DATA FOR PROCESSING:
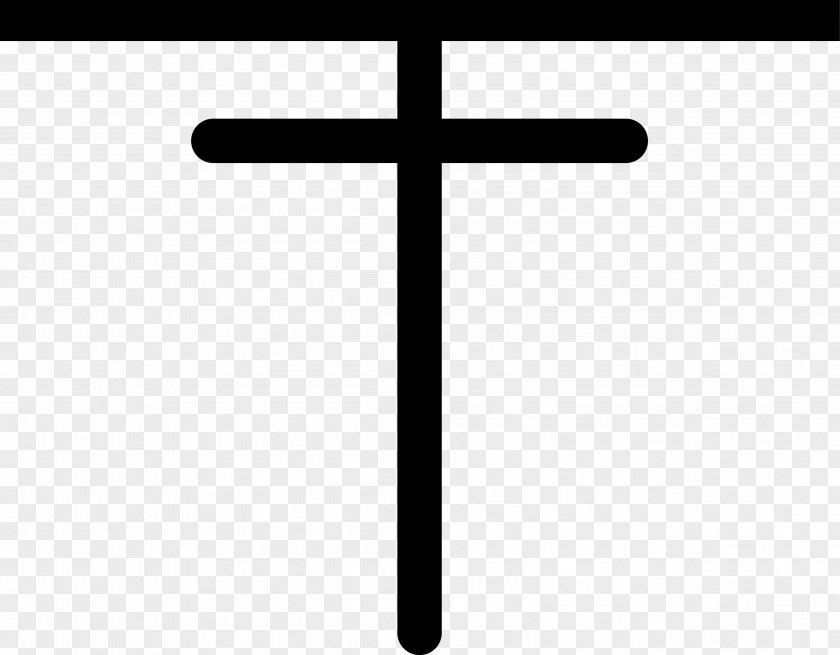 Cross Symbol Angle Religion Font PNG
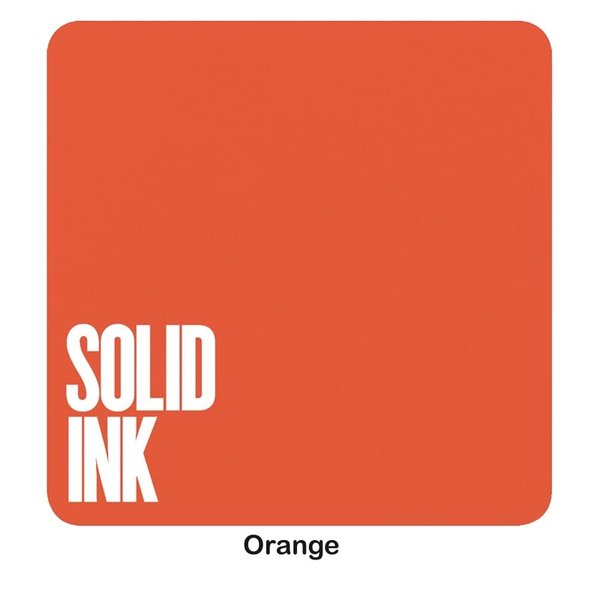 Orange — Solid Ink — Pick Size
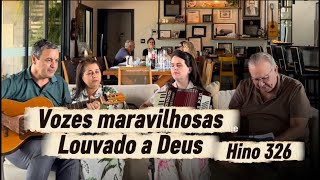 Voz de trovão, que lindo esses hinos tocados na virtude do céu para alegrar seu coração ♥️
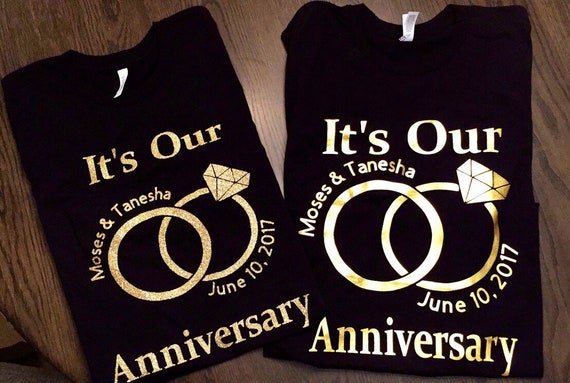 Couples Anniversary Shirts | Etsy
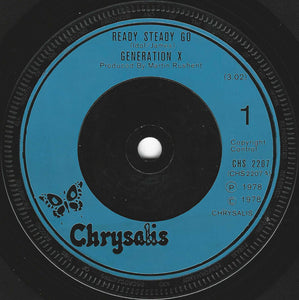 Generation X (4) : Ready Steady Go (7", Single)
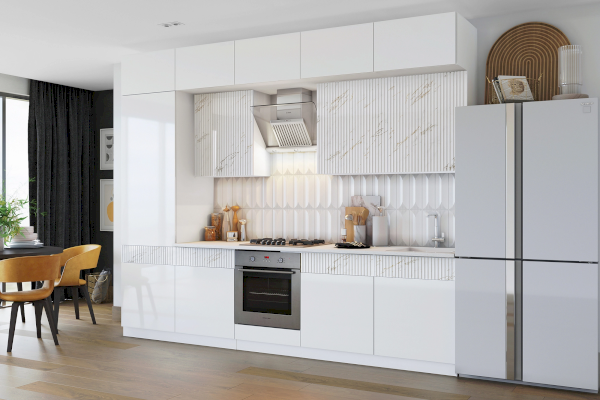 Кухонный гарнитур Оливия NEW 3,0 м (Миф)
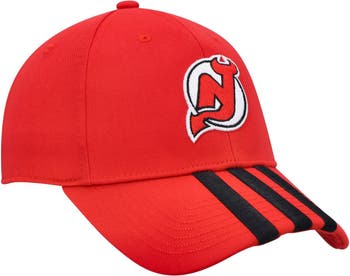 Men's adidas White New Jersey Devils Locker Room Wool Adjustable Hat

EXERCISE: A word-for-word transcription of the entries above, free of images, is what is wanted.

TASK OUTPUT:
 Cross Symbol Angle Religion Font PNG
 Orange — Solid Ink — Pick Size
 Voz de trovão, que lindo esses hinos tocados na virtude do céu para alegrar seu coração ♥️
 Couples Anniversary Shirts | Etsy
 Generation X (4) : Ready Steady Go (7", Single)
 Кухонный гарнитур Оливия NEW 3,0 м (Миф)
 Men's adidas White New Jersey Devils Locker Room Wool Adjustable Hat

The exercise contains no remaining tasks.